ORLAN – Courtesy Galerie Ceysson Benetière

https://www.ceyssonbenetiere.com/fr/artists/ORLAN/


TEXTE PILAR ALBARRACIN :::

Depuis le début des années 1990, Pilar Albarracín met son corps au service d’une réflexion artistique et politique visant à une déconstruction des stéréotypes inhérents aux conditions d’existence et aux modes de représentation des femmes. L’artiste espagnole développe ainsi un œuvre protéiforme (installation, vidéo, performance, photographie, dessin, broderie, etc.) au sein duquel elle ne cesse de se (re)mettre en jeu pour retourner et détourner le discours patriarcal. Un engagement qui résulte du contexte politique et de la culture populaire espagnole. L’artiste est née en 1968 à Aracena (Andalousie) alors que le régime fasciste de Franco est établi depuis 1936. Pilar Albarracín grandit au creux de lois nationalistes, autoritaires et patriarcales. Des lois, qui jusqu’en 1975, désignent les Espagnoles comme mineures : placées sous la tutelle de leurs pères, leurs frères et leurs époux. Par là, les femmes sont cantonnées à la sphère domestique, assignées à leurs rôles d’épouses, de mères, d’amantes, de sœurs, de nourrices ou encore des dévotes. L’artiste est imprégnée de ces codes et de ces stéréotypes imposés par le régime fasciste, machiste et catholique. C’est précisément tout ce contre quoi elle lutte dans son œuvre aussi tragique que comique. Dans le sillage des artistes féministes espagnoles comme Esther Ferrer, Eulàlia Grau ou Mari Chordà, elle s’attèle à démanteler chacune des facettes d’une identité et d’une culture fondées sur la violence et la morale. Une culture dans laquelle les femmes sont réduites à des fonctions domestiques et sexuelles. 

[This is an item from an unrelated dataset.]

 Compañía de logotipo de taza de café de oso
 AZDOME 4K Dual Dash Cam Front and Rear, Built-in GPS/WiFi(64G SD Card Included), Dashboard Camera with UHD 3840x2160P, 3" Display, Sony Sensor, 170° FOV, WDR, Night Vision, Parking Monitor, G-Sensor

Depuis trente ans, Pilar Albarracín s’approprie les stéréotypes de la culture ibérique où l’image des femmes ou des hommes y est exacerbée : tauromachie, flamenco, décorum et rituels catholiques sont ses terrains favoris. Elle incarne volontiers le rôle de la flamenca, la danseuse fière, romanesque et torride. La robe traditionnelle de flamenco est omniprésente dans son œuvre. Elle en fait une matière à part entière pour réaliser des installations ou encore des photographies où l’artiste porte des robes flamboyantes dans toutes circonstances et situations. Gisante au sol, elle incarne La Muerte (2017), une femme morte, assassinée ? Dans la série Anatomía Flamenca (2016-2017), elle pose fièrement en réalisant des quatre pas et gestes du flamenco. Quatre mouvements, quatre robes brodées, quatre manières d’envisager son corps de l’intérieur : viscères, veines et artères, muscles et squelette. Il n’est plus question  de déshabiller les corps des femmes pour les réduire à des objets de fantasmes, mais bien de les scruter de l’intérieur.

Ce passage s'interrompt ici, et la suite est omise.